Let's assume an entity that Company XYZ considers unsavory (we'll call it Party X) is attempting to acquire control of Company XYZ by offering to buy shares at a premium from Company XYZ's shareholders.
To avoid being purchased by Party X, Company XYZ's board of directors might offer to purchase Party X's shares for a price above the current market price. This of course makes Party X go away (and a lot richer, by the way), but the transaction can also be construed as Party X blackmailing (or greenmailing) Company XYZ by threatening to take over the company if it does not pay a particular premium to Party X.
Why Does Greenmail Matter?
To avoid this situation, in which Company XYZ might make an offer to repurchase shares at a price above what other shareholders might get, anti-greenmail provisions exist. These provisions generally state that if Company XYZ pays a premium to repurchase shares, it must offer that premium to all shareholders. An anti-greenmail provision is a clause in a corporation's charter that deters the corporation's board from conducting a stock buyback.

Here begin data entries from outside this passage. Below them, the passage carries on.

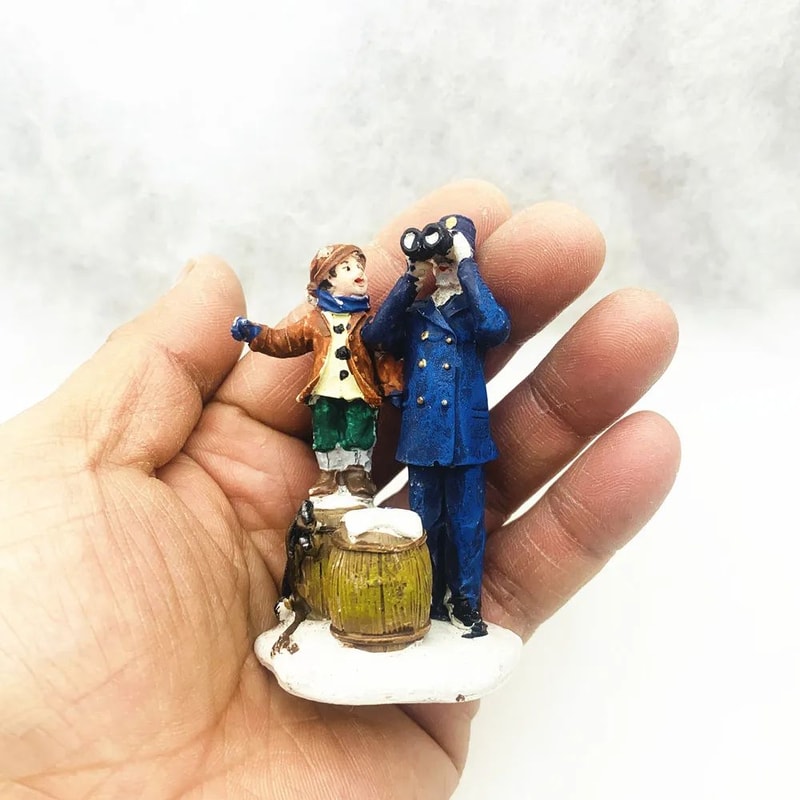 Miniature Resin Figurines For Halloween Christmas Decor Cute Sand Table Desk Ornaments 2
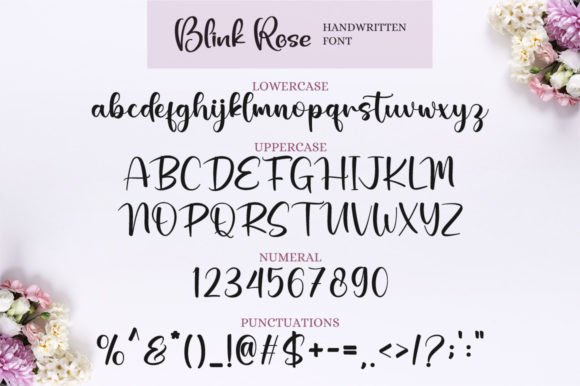 Blink Rose Font Poster 7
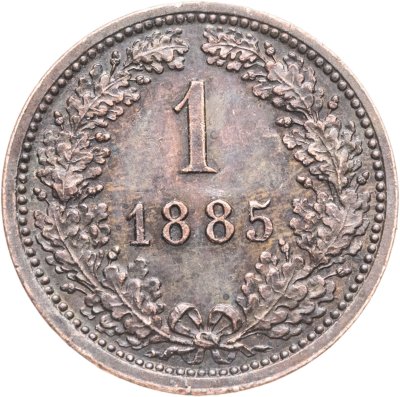 купить Австрия 1 крейцер (kreuzer) 1885
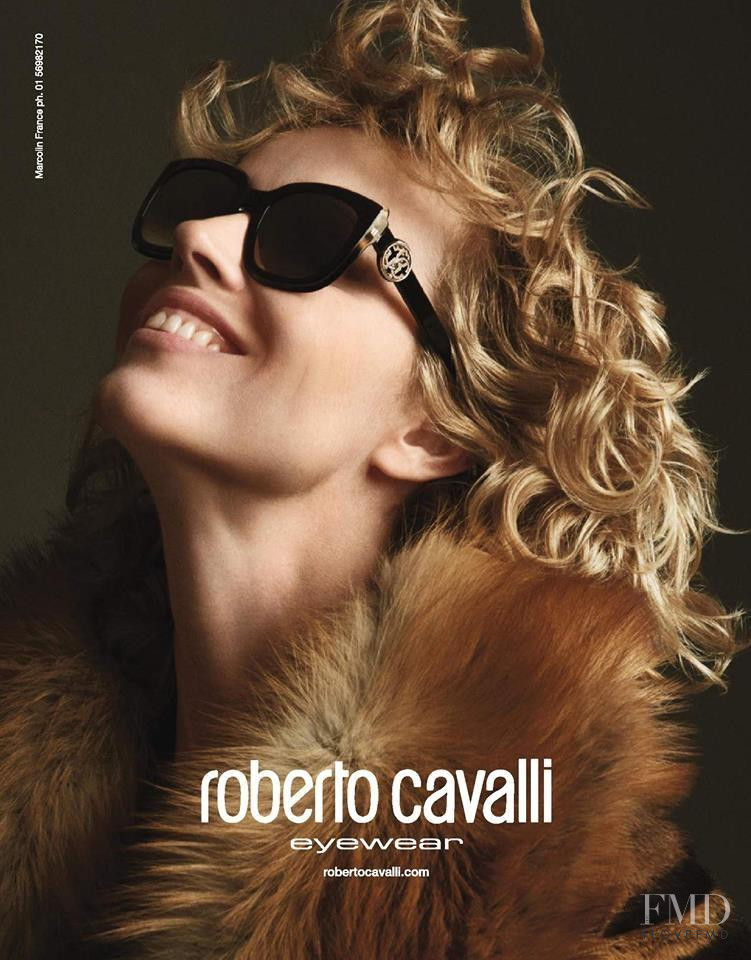 Eva Herzigova featured in  the Roberto Cavalli advertisement for Autumn/Winter 2017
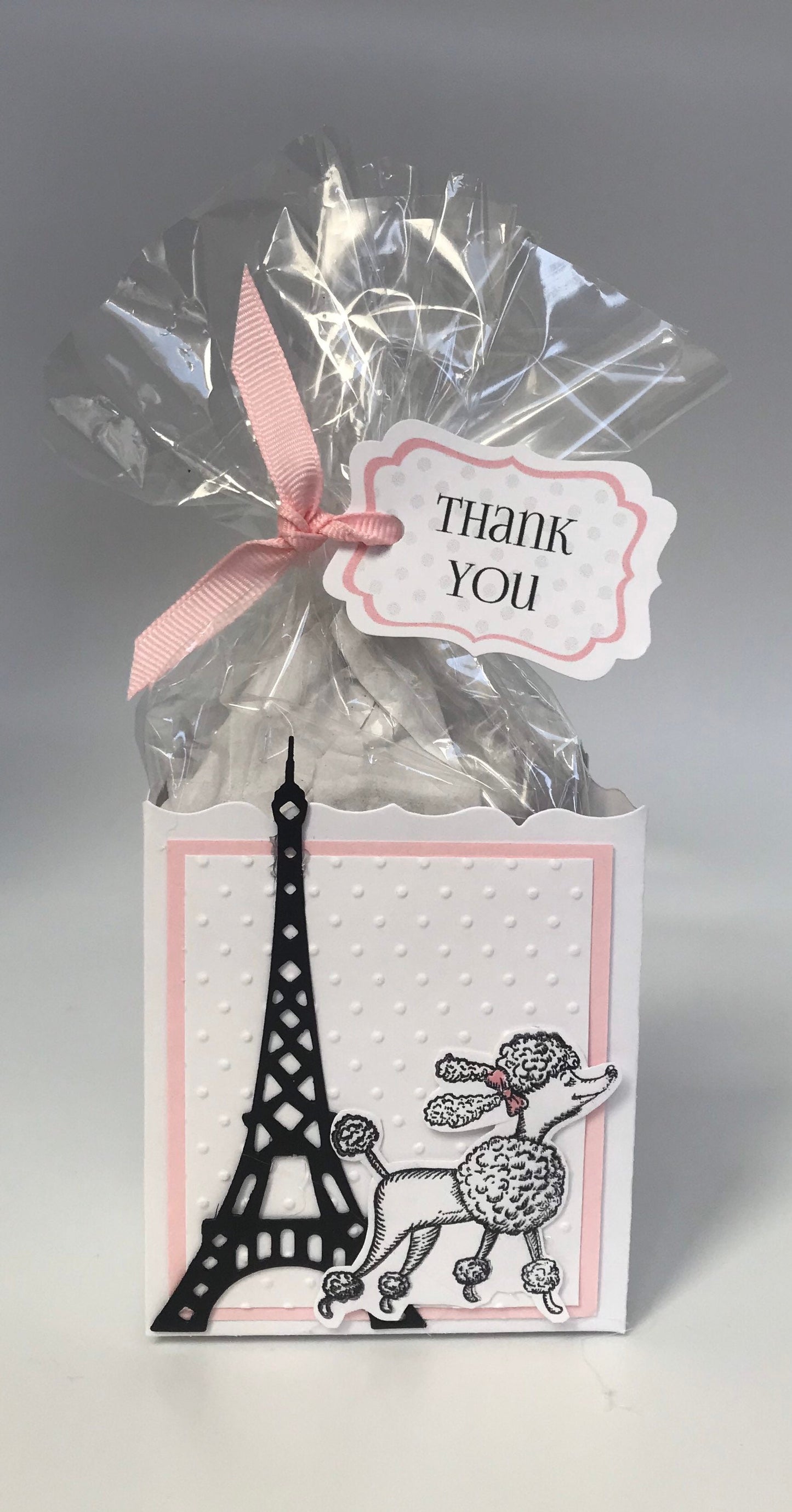 Parisian Poodle with Eiffel Tower Party Favor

Company XYZ does this in exchange for Party X's agreement not to attempt to acquire the company for a period of time. Anti-greenmail provisions are attempts to thwart takeover threats from speculators, disruptive shareholders, and other 'unsavory' entities that are seeking a payoff rather than a genuine business relationship. In general, a corporation's shareholders must vote to adopt or abandon anti-greenmail provisions.